Problem statement: Nothing but the lines below from the one with "Purple beads and" through the one with "Nowoczesna łazienka z" should be output, each exactly as given, and no pictures.

Information provided:
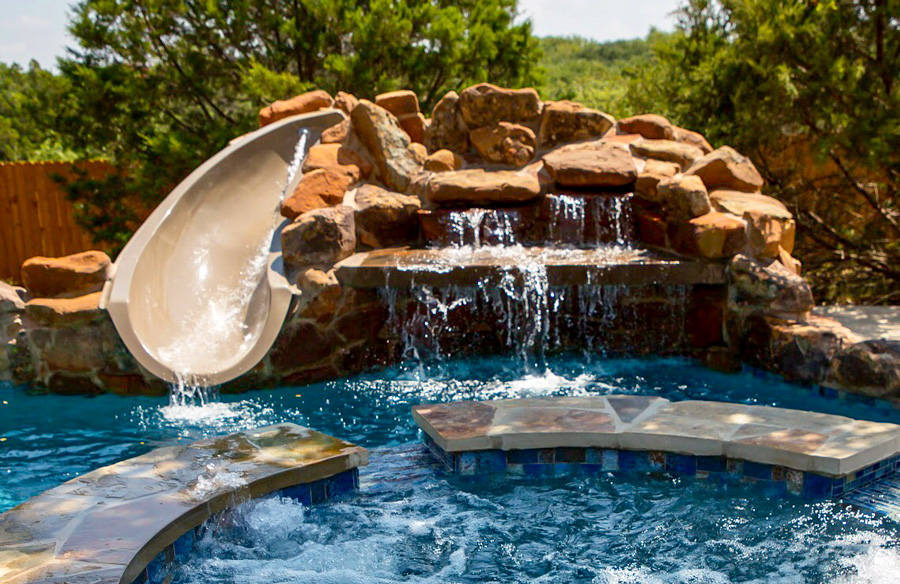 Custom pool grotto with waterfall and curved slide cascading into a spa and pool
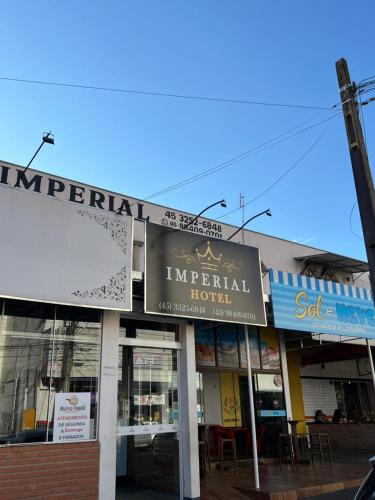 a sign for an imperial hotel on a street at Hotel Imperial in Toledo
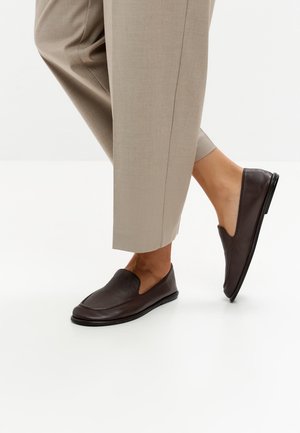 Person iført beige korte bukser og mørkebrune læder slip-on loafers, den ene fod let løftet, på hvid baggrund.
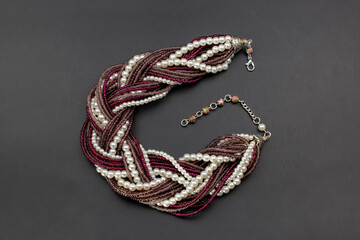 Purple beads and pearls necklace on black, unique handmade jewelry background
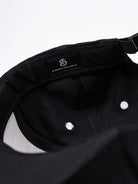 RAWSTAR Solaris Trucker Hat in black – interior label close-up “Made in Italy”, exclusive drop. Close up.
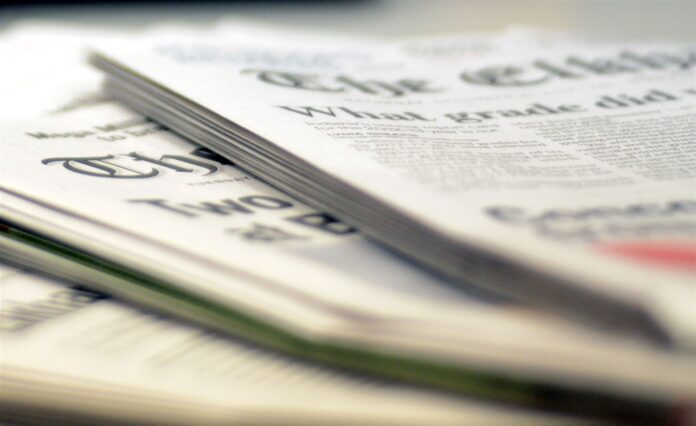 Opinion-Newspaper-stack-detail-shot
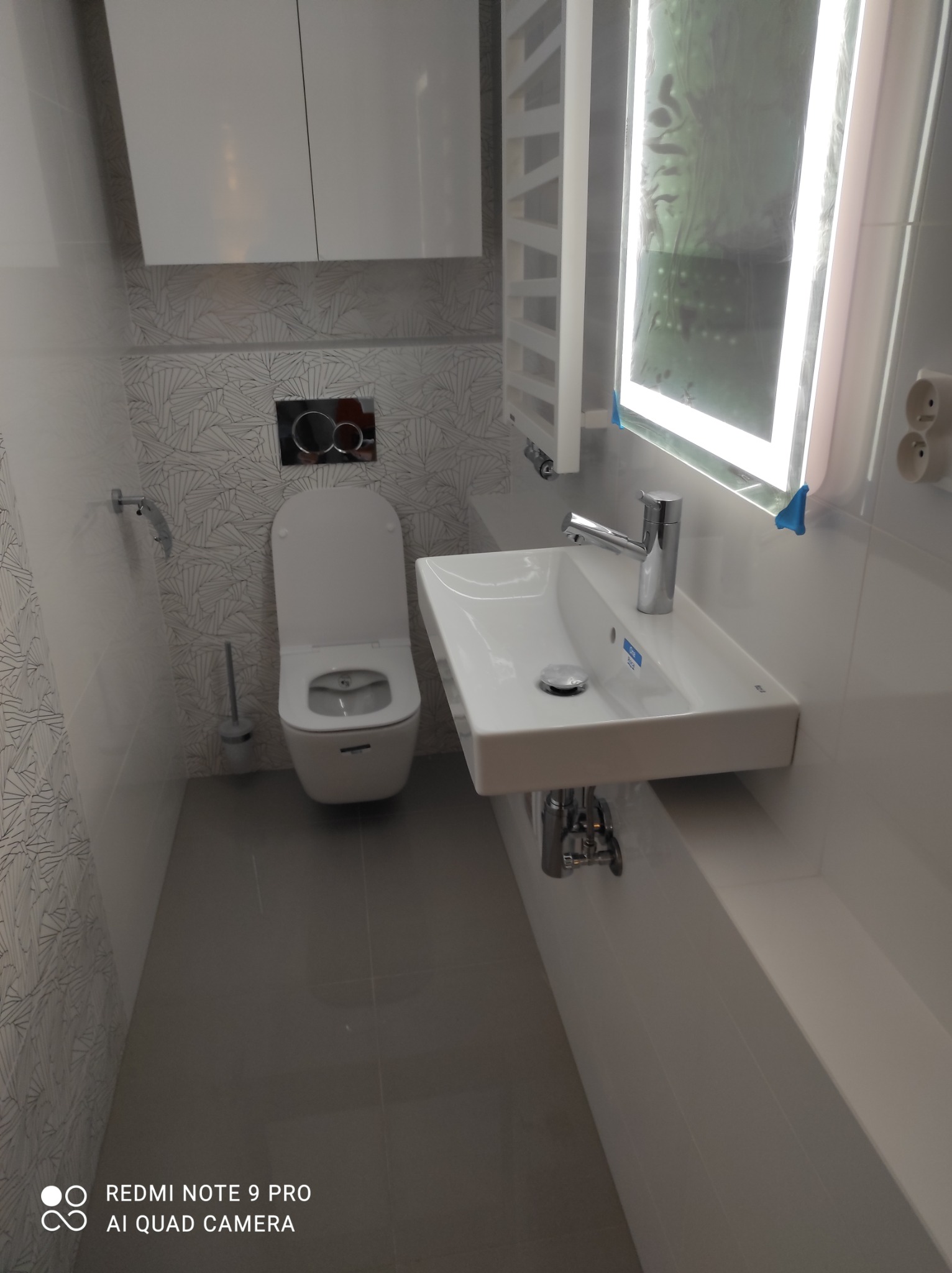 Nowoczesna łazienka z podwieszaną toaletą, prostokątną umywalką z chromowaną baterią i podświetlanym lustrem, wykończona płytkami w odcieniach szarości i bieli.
==
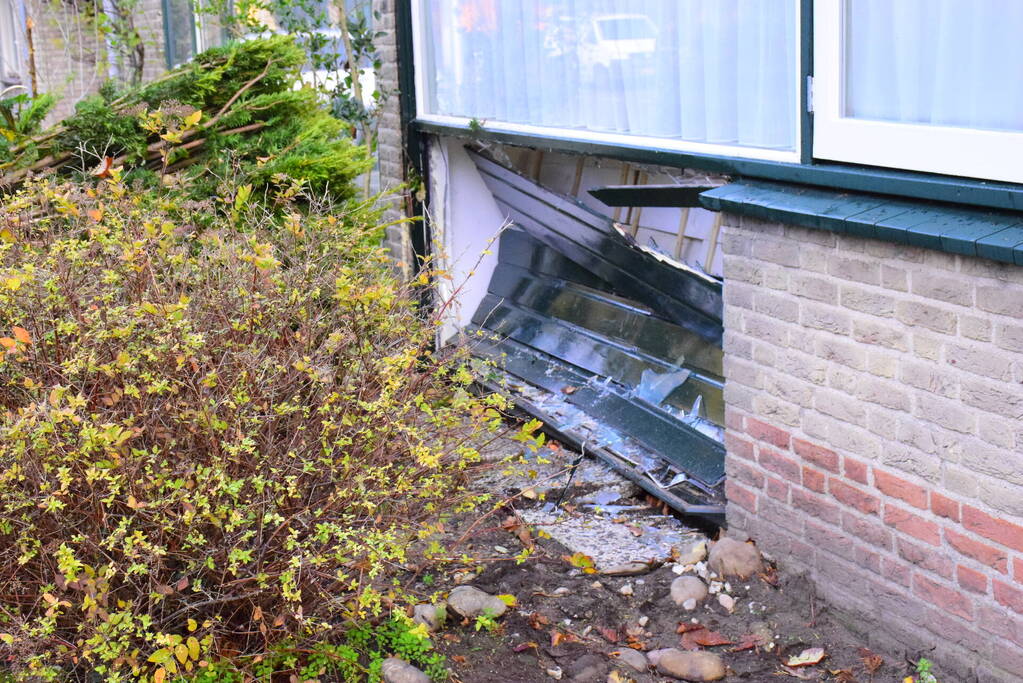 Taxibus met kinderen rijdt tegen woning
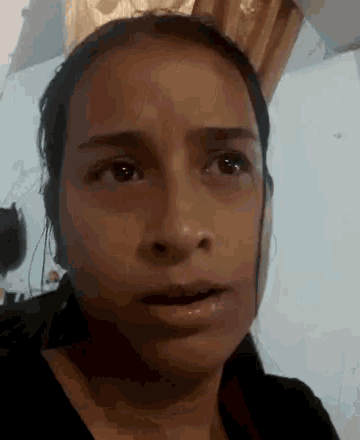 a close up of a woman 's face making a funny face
==
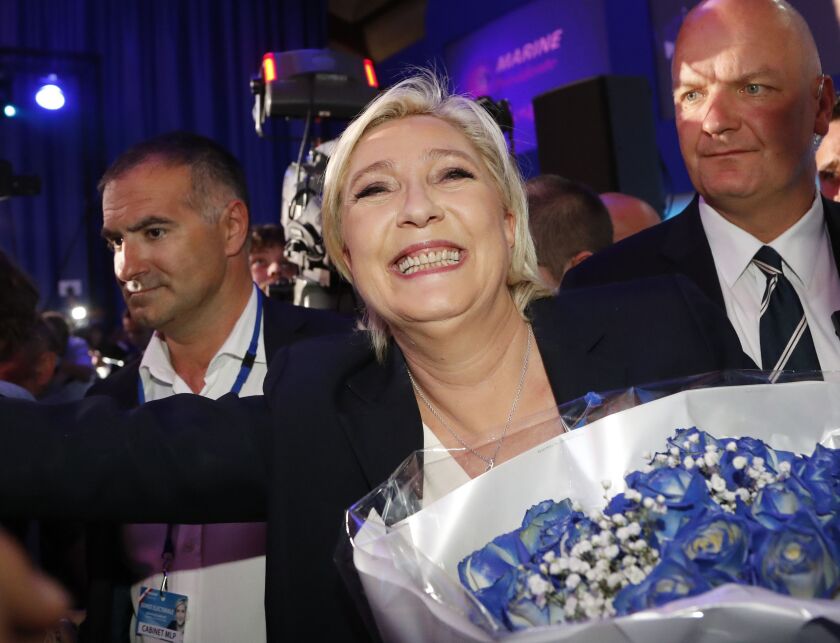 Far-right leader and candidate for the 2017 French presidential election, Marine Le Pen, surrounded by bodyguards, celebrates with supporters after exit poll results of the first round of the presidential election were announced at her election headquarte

Expected answer:
 Purple beads and pearls necklace on black, unique handmade jewelry background
 RAWSTAR Solaris Trucker Hat in black – interior label close-up “Made in Italy”, exclusive drop. Close up.
 Opinion-Newspaper-stack-detail-shot
 Nowoczesna łazienka z podwieszaną toaletą, prostokątną umywalką z chromowaną baterią i podświetlanym lustrem, wykończona płytkami w odcieniach szarości i bieli.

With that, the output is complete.